The strike war goes after energy: Ukrainian drones reach Russian refineries, Russia hits the grid
Ukraine reaches 1,500 km deep: June 24 strike on Orenburg gas complex (45 bn m³/yr, Russia's only helium plant) and Dubna satellite comms centre; Russia strikes Ukraine's grid in return
Summary
The summer 2026 Ukraine Russia War is increasingly fought at long range against energy and military-industrial infrastructure. On the night of June 23-24, Ukraine's Special Operations Forces, acting with "Black Spark," an underground network inside Russia, struck the Orenburg Gas Processing Plant (capacity 45 bn m³/year; 60% of all Gazprom Pererabotka output) and Russia's only helium facility, which produces 8.8 million m³/year of helium for liquid-fuel rocket engines and guidance systems, and ethane for solid rocket fuel and gunpowder. Ukraine also hit the Dubna Space Communications Centre near Moscow, Russia's largest ground-based satellite comms complex, and a second satellite centre in Vladimir. Ukraine has pushed drone and missile strikes 1,500 km deep inside Russia. Vladimir Putin conceded at SPIEF that the attacks are damaging the economy and vowed to bolster air defences. Russia continues salvoes against Ukraine's power grid. ISW data shows Ukrainian drone interdiction degrading Russian ability to mass forces near Pokrovsk, 105+ artillery systems destroyed in May, 2× April's rate. The campaign is reciprocal attrition feeding Russia's fuel strain.
By the numbers
- 1,500 km, Ukraine's record deep-strike reach; Orenburg is near Russia's Kazakhstan border.

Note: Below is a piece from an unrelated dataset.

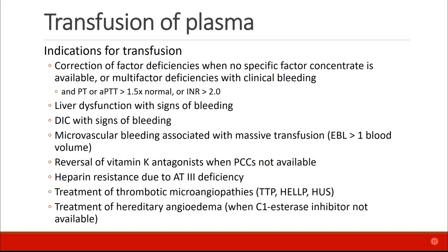FFP may also be used to treat thrombotic microangiopathies like TTP, HELLP syndrome, or hemolytic uremic syndrome, and in treatment of hereditary angioedema if a C1 esterase inhibitor is not available.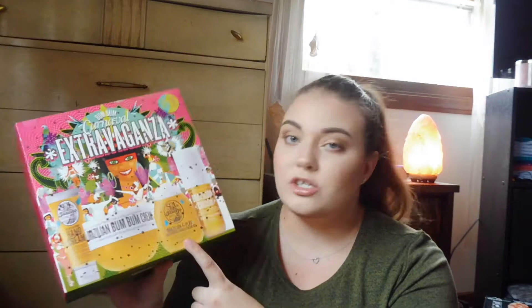I picked up the Sol de Janeiro Bum Bum Carnival Extravaganza. This was $59 and it's an $89 value, which is pretty good for what you get. You get the hand cream, the bum bum cream, the shower gel, and the body spray.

- 45 bn m³/year, Orenburg Gas Processing Plant capacity; 60% of Gazprom Pererabotka output.
- 8.8 mn m³/year, Orenburg Helium Plant's output, the only such facility in Russia.
- 105+, Russian artillery systems Ukraine reported destroying near Pokrovsk in May 2026.
- 600+ km², territory Ukraine's Syrskyi says was recaptured across 2026.
Why it matters
The energy-strike war is where the stalemate is actually being decided. Refinery hits feed Russia's fuel-supply crisis and economic stagnation; the Orenburg helium cut directly threatens Russia's missile and rocket programme. The Dubna satellite centre strike degrades Russian military space communications. Grid strikes pressure Ukraine's winter. Interceptor depletion on both sides could break the equilibrium faster than any ground push.
What to watch
- Whether the Orenburg helium disruption delays Russian missile production.
- Whether the Dubna comms strike degrades Russian satellite targeting.
- Russian grid strikes ahead of the 2026-27 winter.
- Air-defence interceptor stocks and resupply on both sides.